▼▼▼

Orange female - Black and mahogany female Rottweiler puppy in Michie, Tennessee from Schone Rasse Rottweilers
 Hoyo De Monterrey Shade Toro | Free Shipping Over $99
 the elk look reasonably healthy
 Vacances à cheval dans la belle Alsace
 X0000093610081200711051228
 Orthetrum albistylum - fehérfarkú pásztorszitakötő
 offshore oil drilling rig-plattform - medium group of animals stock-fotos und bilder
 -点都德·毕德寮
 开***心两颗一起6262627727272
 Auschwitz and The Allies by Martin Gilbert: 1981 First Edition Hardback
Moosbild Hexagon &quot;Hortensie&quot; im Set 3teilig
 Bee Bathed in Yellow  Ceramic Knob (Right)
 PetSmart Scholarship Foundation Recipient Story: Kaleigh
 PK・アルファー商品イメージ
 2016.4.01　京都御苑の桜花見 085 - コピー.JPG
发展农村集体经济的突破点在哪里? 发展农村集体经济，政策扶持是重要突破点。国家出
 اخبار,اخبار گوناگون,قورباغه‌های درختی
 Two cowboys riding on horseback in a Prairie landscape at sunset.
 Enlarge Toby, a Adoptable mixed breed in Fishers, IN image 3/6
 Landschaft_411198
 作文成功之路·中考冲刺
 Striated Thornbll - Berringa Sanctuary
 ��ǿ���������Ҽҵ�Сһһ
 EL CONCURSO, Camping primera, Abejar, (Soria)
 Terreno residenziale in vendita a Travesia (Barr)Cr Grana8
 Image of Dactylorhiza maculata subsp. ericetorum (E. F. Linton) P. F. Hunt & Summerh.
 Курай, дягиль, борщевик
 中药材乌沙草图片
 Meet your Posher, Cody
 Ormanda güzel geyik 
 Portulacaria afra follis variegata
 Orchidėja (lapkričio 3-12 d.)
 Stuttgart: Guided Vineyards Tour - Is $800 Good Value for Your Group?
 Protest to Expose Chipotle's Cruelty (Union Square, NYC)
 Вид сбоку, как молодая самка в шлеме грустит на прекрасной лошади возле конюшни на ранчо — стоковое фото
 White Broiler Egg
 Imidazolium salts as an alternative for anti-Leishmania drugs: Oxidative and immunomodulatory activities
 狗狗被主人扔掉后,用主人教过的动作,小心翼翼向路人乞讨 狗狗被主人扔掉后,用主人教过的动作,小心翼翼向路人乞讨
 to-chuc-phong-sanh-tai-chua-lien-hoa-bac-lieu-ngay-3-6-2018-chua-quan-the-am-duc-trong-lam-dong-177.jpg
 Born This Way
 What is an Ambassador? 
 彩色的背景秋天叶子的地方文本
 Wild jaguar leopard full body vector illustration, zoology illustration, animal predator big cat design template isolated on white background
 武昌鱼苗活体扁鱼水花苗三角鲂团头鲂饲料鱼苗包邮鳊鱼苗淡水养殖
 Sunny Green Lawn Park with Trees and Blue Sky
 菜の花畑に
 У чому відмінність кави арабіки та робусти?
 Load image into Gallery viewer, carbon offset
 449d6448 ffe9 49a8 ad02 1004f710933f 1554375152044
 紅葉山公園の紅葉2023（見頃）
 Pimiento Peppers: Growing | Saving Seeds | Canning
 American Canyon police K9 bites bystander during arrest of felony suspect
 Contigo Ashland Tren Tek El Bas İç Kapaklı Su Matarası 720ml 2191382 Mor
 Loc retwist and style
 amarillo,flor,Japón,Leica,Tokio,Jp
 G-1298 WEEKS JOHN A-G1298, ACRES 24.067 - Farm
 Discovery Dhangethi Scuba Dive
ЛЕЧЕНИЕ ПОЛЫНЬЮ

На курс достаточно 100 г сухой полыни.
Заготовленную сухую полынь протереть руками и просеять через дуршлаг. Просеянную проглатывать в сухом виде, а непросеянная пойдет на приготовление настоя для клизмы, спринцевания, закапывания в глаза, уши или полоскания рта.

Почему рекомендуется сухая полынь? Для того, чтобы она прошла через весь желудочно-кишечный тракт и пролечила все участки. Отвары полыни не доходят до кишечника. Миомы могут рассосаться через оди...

▲▲▲

# What you need to do
Reprint exactly the lines above that start at the one with "Vacances à cheval dans la belle Alsace" and end at the one with "Two cowboys riding", keeping both and adding none.

# Response area
 Vacances à cheval dans la belle Alsace
 X0000093610081200711051228
 Orthetrum albistylum - fehérfarkú pásztorszitakötő
 offshore oil drilling rig-plattform - medium group of animals stock-fotos und bilder
 -点都德·毕德寮
 开***心两颗一起6262627727272
 Auschwitz and The Allies by Martin Gilbert: 1981 First Edition Hardback
Moosbild Hexagon &quot;Hortensie&quot; im Set 3teilig
 Bee Bathed in Yellow  Ceramic Knob (Right)
 PetSmart Scholarship Foundation Recipient Story: Kaleigh
 PK・アルファー商品イメージ
 2016.4.01　京都御苑の桜花見 085 - コピー.JPG
发展农村集体经济的突破点在哪里? 发展农村集体经济，政策扶持是重要突破点。国家出
 اخبار,اخبار گوناگون,قورباغه‌های درختی
 Two cowboys riding on horseback in a Prairie landscape at sunset.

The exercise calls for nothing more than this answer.